I was reading an interesting piece in CIO regarding things a CEO needs to know about securing the Internet of Things (IoT).
With the advent of things which may be networked in the home and business there are risks to take into account for each and every one of us.
Endpoints are subject to exploit on networks operated by the uninitiated and the IoT initiatives are starting to proliferate in businesses with what is becoming a "a new, massive and complex expansion of the security landscape".
Security Planning and Monitoring
Service providers are that direct link to allowing your devices to go rogue on you. My personal feelings toward the entire matter is to maintain any IoT infrastructure behind a firewall requiring encrypted authenticated access.
Anything less is asking for trouble.
Cloud solutions should be redundant with no one service providing the only access to any infrastructure. Service disruptions are a fact of life and some more likely than others. Exploit attempts happen 24/7 and range from trivial to devastating. This is why I maintain a router which detects exploit attempts and discards those packets after logging them.
Good Netizenship
The monitoring of traffic, network intrusion detection and prevention, and that oversight which enables you to thwart IoT exploits are not typically built into those IoT peripherals. Your management of these facets of network ops typically require that those hooks are embedded in the security layer traffic must traverse to get to the IoT devices on your network.

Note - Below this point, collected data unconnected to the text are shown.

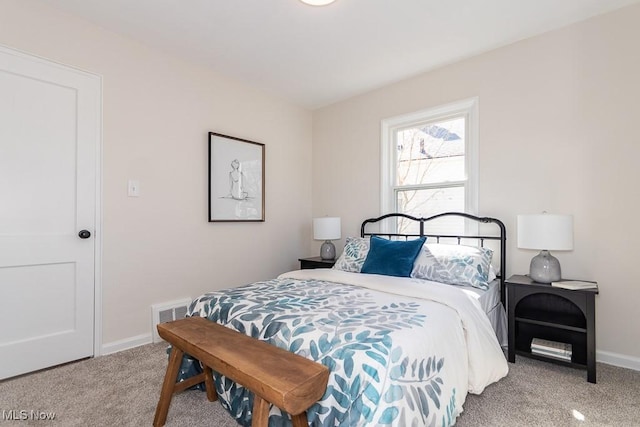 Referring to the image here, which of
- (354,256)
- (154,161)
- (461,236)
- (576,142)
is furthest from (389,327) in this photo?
(154,161)

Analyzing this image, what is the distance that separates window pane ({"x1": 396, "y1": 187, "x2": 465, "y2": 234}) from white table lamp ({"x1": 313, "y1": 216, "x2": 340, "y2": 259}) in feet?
2.20

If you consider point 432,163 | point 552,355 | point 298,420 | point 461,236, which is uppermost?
point 432,163

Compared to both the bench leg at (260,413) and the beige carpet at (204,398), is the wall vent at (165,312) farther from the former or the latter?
the bench leg at (260,413)

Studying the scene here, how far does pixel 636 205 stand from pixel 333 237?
2.42 metres

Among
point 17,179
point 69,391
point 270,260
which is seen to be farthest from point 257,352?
point 270,260

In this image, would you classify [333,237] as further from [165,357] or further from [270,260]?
[165,357]

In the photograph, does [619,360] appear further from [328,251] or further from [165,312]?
[165,312]

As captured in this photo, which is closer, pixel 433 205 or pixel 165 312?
pixel 165 312

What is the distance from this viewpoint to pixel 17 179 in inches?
84.0

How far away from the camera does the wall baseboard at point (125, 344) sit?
8.17 ft

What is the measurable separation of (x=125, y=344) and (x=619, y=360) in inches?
142

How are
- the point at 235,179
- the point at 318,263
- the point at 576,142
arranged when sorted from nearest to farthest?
the point at 576,142 → the point at 235,179 → the point at 318,263

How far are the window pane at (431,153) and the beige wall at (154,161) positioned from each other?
59.3 inches

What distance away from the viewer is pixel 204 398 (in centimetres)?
187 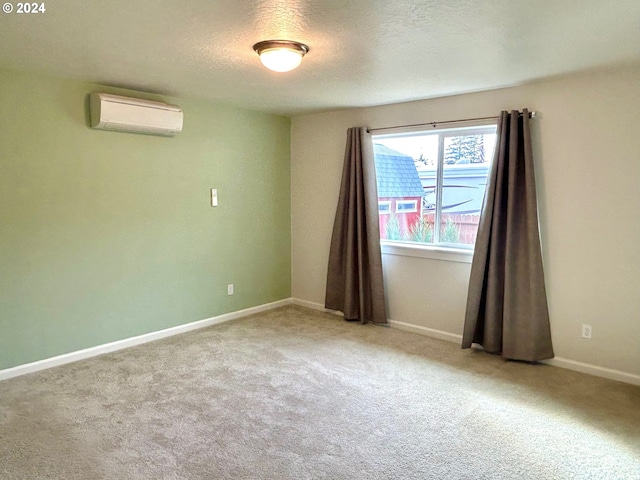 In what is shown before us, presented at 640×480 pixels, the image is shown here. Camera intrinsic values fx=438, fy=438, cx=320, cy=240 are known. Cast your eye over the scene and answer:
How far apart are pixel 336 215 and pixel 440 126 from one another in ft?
4.54

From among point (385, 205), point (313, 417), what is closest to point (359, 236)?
point (385, 205)

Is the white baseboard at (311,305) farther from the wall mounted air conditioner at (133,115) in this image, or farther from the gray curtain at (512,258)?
the wall mounted air conditioner at (133,115)

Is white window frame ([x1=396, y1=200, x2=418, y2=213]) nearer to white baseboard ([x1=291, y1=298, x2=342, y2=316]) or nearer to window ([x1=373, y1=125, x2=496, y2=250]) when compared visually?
window ([x1=373, y1=125, x2=496, y2=250])

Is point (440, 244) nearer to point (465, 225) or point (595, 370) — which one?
point (465, 225)

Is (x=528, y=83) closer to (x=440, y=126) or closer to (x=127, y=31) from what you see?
(x=440, y=126)

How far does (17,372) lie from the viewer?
127 inches

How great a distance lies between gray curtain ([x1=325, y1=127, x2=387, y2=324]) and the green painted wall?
899 millimetres

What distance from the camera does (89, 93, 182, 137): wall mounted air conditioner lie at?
337cm

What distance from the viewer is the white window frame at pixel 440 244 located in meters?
3.82

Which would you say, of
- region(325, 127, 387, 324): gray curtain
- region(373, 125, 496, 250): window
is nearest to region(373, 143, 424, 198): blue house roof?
region(373, 125, 496, 250): window

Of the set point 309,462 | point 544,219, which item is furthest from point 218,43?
point 544,219

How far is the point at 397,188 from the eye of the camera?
175 inches

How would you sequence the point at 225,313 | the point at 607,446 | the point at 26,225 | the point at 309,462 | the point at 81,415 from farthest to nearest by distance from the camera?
the point at 225,313
the point at 26,225
the point at 81,415
the point at 607,446
the point at 309,462

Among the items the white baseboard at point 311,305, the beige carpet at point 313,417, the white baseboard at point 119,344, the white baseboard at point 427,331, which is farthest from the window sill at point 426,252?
the white baseboard at point 119,344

So as you can see, a layered approach is most feasible in the never ending pursuit of network security at the home or the office. While I manage these things with routing and firewall equipment expressly designed for these purposes, a person with adequate utilities can fit the bill quite nicely and indeed nothing beats a close tab on the logs generated by the systems at your disposal for the presence of that exploit or virus payload trying to find it's way into your network and devices.